* Records from a collection *
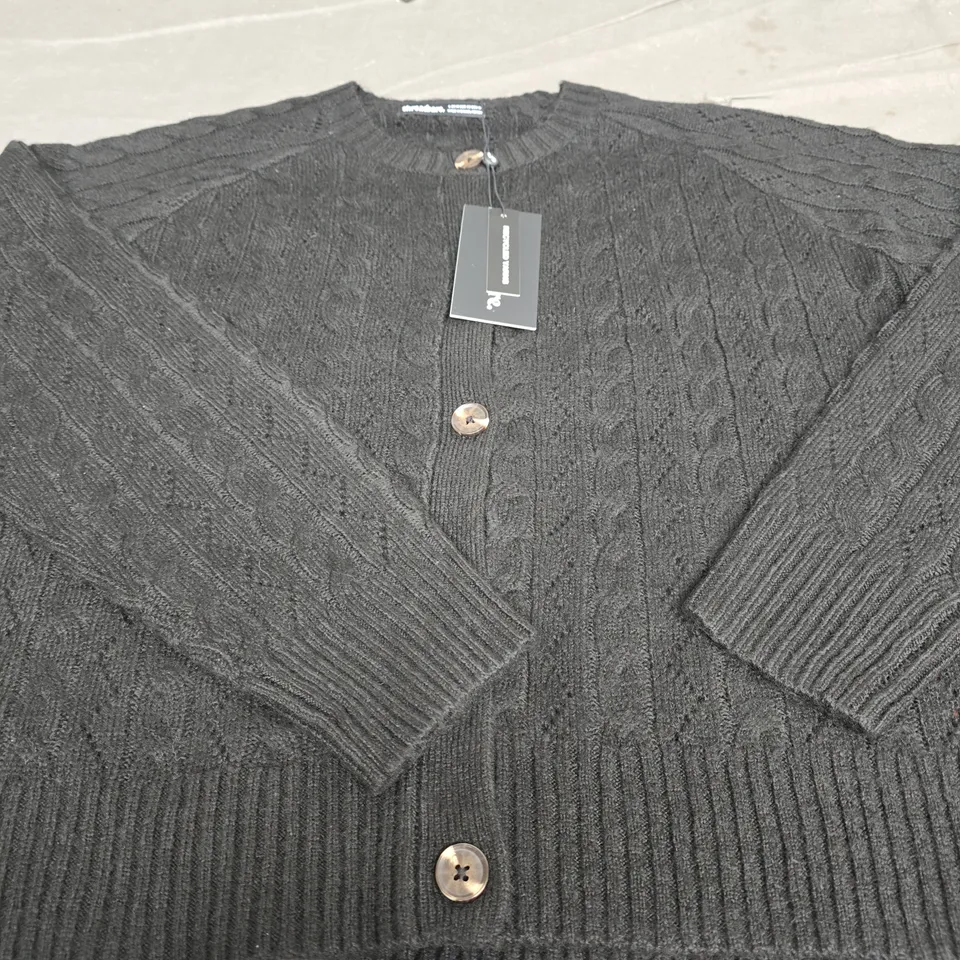 THREADBARE LADIES BONNY CARDIGAN - SIZE 14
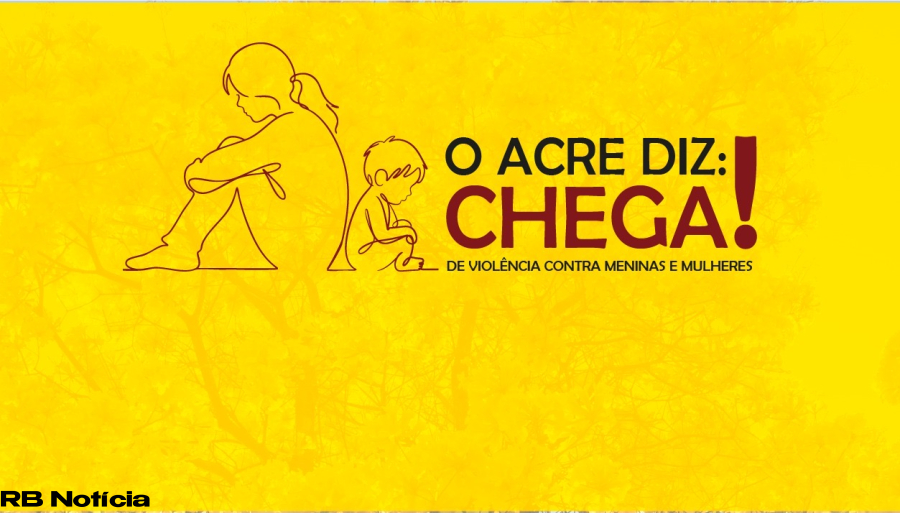 MPAC lança oficialmente campanha contra violência de gênero na Expoacre nesta quinta-feira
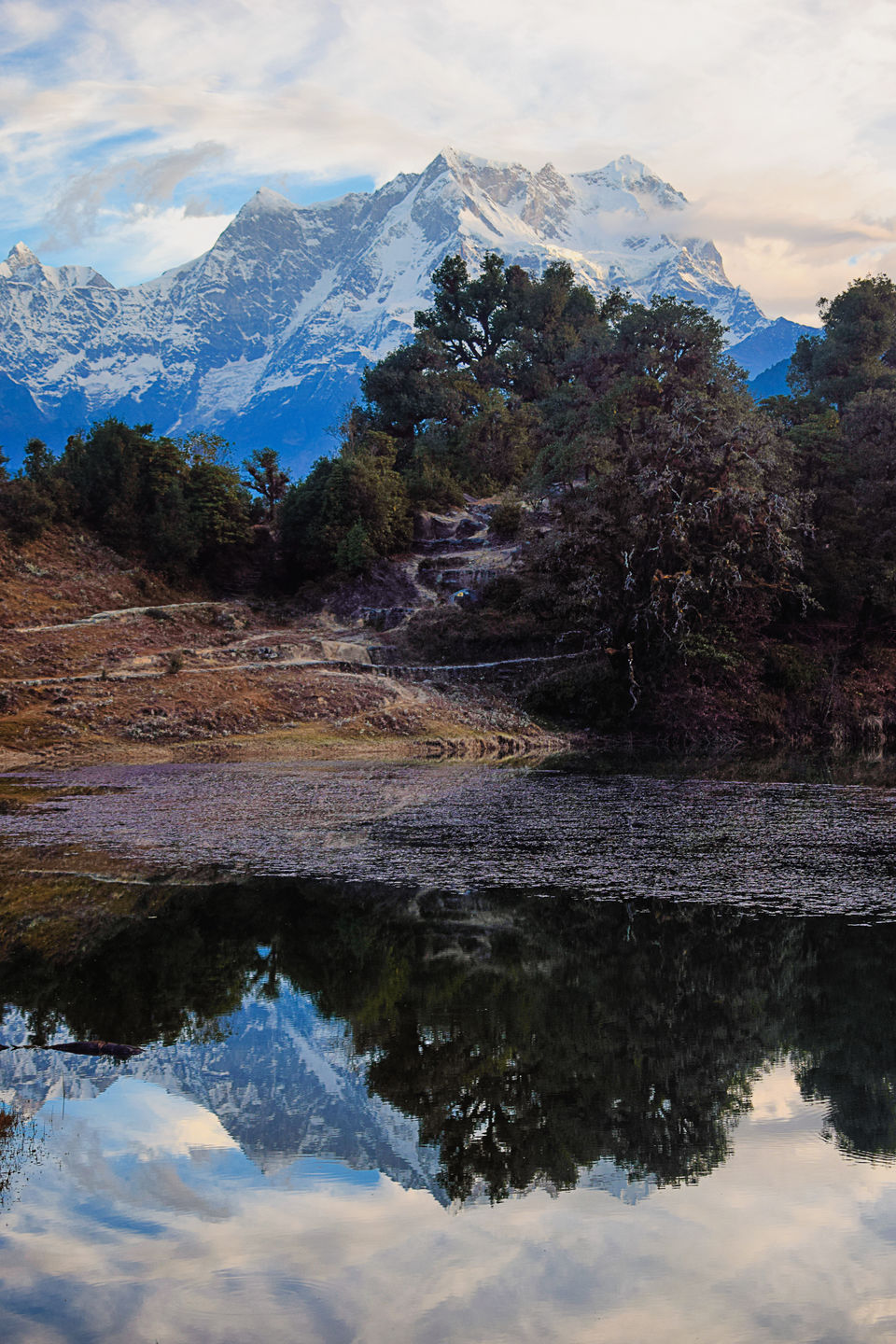 Photo of Deoria Tal - Trek & Travelogue - 2 by Sheikh Ershad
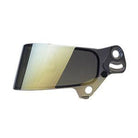 The gold Bell SE07 2mm Helmet Shield.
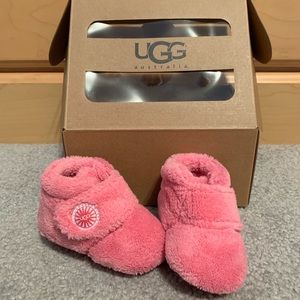 Ugg Baby Booties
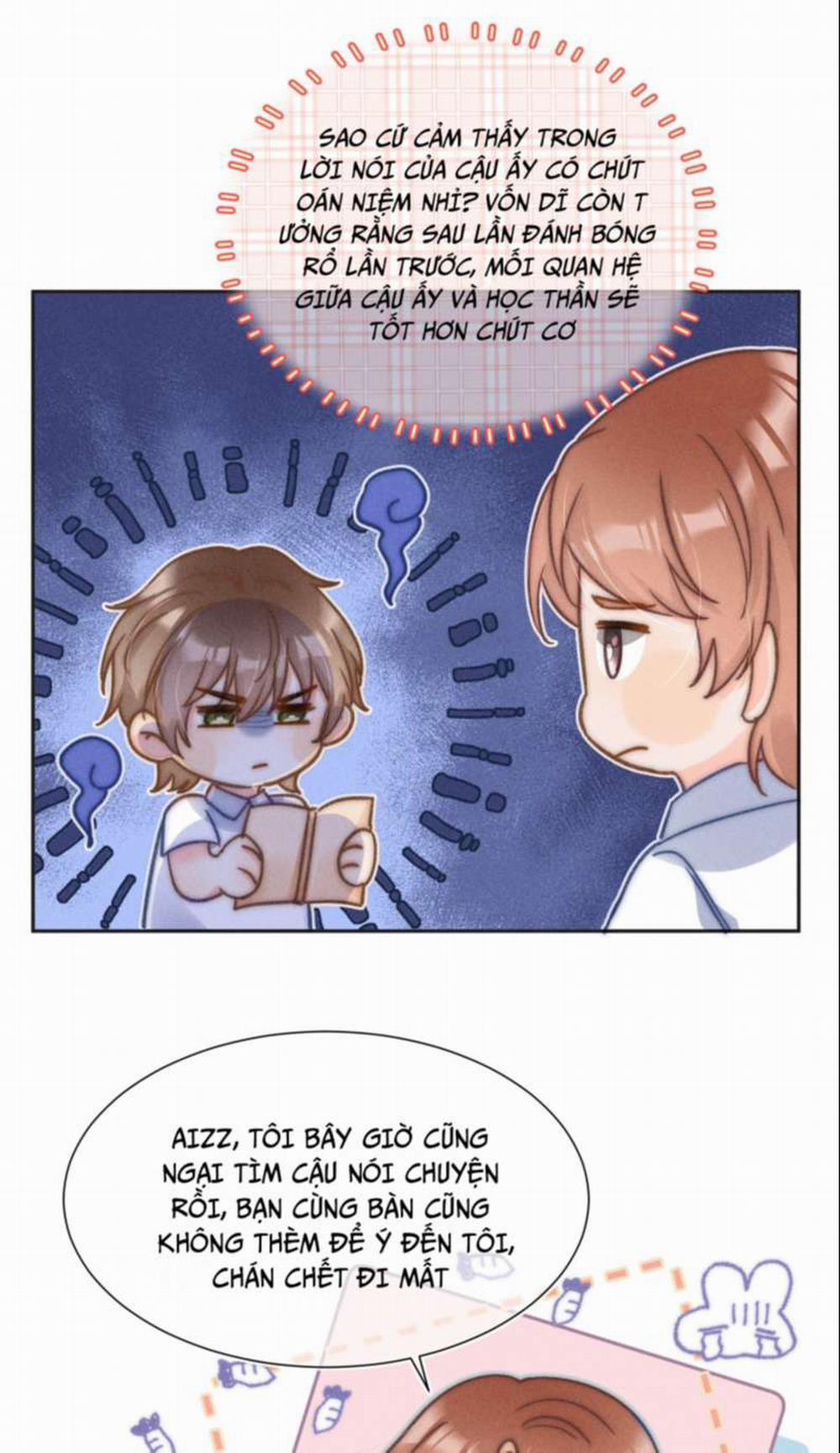 Ánh Trăng Vì Tôi Mà Đến 12 trang 36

* What you are asked to do *
Set down only the lines running from the line with "The gold Bell SE07 2mm Helmet Shield." to the end of the entries, inclusive; omit every picture.

* Task output *
 The gold Bell SE07 2mm Helmet Shield.
 Ugg Baby Booties
 Ánh Trăng Vì Tôi Mà Đến 12 trang 36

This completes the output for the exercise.